Beginning of the sling in Toulouse on the Crit’Air thumbnails
The mayor of Toulouse Jean-Luc Moudenc fears a return of the yellow vests. It calls for “harmonization” of low-emission zones by 2024.
From our correspondent in Toulouse, Stephane Thepot
Published on
– Modified
LThe memory of the demonstrations every Saturday in the pink city is still very present in the mind of Jean-Luc Moudenc. With inflation, rising energy prices and the banning of older diesel vehicles in EPZs (low emission zones), the mayor (ex-LR) of Toulouse evokes a “social pot that is bubbling” throughout the country. “We must avoid a second episode of yellow vests,” says Moudenc.
Since 1uh January, cars classified Crit’Air 4 and 5 are no longer allowed to leave the ring road in Toulouse, under penalty of a fine of 68 euros (135 euros for utility vehicles). But the mayor of the city made it known during his vows to the press that he was not working on the hunt for motorists. “I will not give any instructions to the municipal police to verbalize in the next 18 months. I consider that it is up to the state to carry out the checks,” he said. In Nice, an assistant to Christian Estrosi said on the antenna of France Bleu that he was on the same line. The beginnings of a wind of revolt from local elected officials who are nevertheless reputed to be close to Emmanuel Macron and the government?
Many proposals
The mayor of Toulouse assures that he has not consulted with his Nice counterpart and sees himself more as a “whistleblower”. Vice-president of Urban France, Jean-Luc Moudenc met Christophe Béchu at the end of October. He is impatiently awaiting the appointment of an interministerial delegate promised to elected officials from large cities by the Minister for Ecological Transition. To date, 11 of the 22 metropolises grouped together within urban France have already delimited a ZFE perimeter. By 2025, 43 agglomerations with more than 150,000 inhabitants will be affected. For the Toulouse elected official, the government must regain control and “harmonize” criteria which vary from one city to another. In Perpignan, Louis Aliot (RN) had a narrow majority adopt a motion refusing to establish an agglomeration-wide EPZ (36 municipalities).
READ ALSOToulouse soon third city of France? What will change (or not)On behalf of urban France, Jean-Luc Moudenc calls for a doubling of state aid to acquire a new vehicle and the establishment of a “one-stop shop” assigned to metropolises. In Occitania, the region has set up its own “mobility eco-cheque” which can reach 5,000 euros, primarily targeting craftsmen affected since March 2022 by the ban on the most polluting diesel utility vehicles. Toulouse Métropole, for its part, offers a complex system of aid that can be combined with that of the State, for professionals and individuals, subject to means testing. They are reserved for the inhabitants of 37 municipalities who are only partially affected by the entire urban area of Toulouse. The city has also granted many variants, especially for market gardeners from the department and the region who come twice a week to sell their fruit and vegetables at the organic market behind the Capitol with their old vans. Finally, “little riders” can request a derogation to enter Toulouse once a week, i.e. 52 days a year, also on the model of a “pass” in force in the Lyon conurbation.
Parking Hunt
The list of derogations is such that the ZFE remains to this day largely virtual. The prefecture said that it had drawn up only ten reports since the beginning of the year during random checks.
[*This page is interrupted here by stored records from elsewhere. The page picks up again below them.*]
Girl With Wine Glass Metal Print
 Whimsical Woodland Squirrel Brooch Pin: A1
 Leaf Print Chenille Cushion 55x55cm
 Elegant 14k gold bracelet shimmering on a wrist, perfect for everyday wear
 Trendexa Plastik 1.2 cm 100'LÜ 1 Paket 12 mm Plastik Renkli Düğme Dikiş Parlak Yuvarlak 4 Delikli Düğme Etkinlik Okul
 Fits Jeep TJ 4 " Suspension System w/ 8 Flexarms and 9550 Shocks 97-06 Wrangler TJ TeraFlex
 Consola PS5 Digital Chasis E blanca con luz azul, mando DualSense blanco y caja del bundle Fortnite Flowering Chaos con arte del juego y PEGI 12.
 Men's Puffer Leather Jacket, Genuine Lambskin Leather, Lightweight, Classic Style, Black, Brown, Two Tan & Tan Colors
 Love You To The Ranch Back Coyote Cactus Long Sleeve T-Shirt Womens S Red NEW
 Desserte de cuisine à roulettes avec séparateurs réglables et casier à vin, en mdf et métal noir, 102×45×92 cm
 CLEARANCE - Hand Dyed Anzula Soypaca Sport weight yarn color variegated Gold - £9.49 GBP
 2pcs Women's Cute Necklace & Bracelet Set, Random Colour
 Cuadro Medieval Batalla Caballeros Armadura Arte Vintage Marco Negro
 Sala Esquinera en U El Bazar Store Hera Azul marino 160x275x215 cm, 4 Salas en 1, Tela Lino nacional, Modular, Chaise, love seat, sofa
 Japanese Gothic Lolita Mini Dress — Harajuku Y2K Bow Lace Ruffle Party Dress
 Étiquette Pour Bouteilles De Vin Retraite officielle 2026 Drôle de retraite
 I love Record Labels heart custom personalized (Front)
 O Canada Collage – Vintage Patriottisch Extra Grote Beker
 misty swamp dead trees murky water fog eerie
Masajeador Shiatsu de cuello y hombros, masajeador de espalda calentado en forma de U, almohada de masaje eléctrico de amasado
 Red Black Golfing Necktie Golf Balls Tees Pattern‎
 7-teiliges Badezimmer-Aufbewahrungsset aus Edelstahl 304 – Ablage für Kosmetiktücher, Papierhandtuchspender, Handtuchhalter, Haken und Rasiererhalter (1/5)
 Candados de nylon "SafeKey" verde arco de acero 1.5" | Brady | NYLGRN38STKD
Jean-Luc Moudenc claims to have made a “tacit agreement” with the representative of the State: the year 2023 will be more “educational” than repressive, he assures. Christophe Béchu informed the elected officials of urban France that the installation of radars responsible for the automatic control of vehicles within the perimeter of the ZFE would not be effective until the second half of 2024. In Toulouse, 60 cameras should enter service at the end of 2023, indicated to the Point François Cholet, the deputy mayor of Toulouse in charge of the file, at the beginning of October.
In this context, the mayor of Toulouse created a surprise by publicly questioning the very relevance of the Crit’Air vignettes. “I realized that a poorly maintained Crit’Air 2 car can pollute more than a Crit’Air 4 which has successfully passed the technical inspection”, says Jean-Luc Moudenc. Radicalized environmental activists who deflate 4×4 tires in the city also argue that a large hybrid SUV can release more fine particles into the atmosphere than a lower-rated light-duty vehicle. However, the city of Toulouse now requires a Crit’Air compliant sticker for the 8,000 subscribers to its “resident parking” offer at a preferential price (135 euros per year). Concretely, this means that residents who present a car that is too old can no longer park in the street (16,000 paid spaces on the road).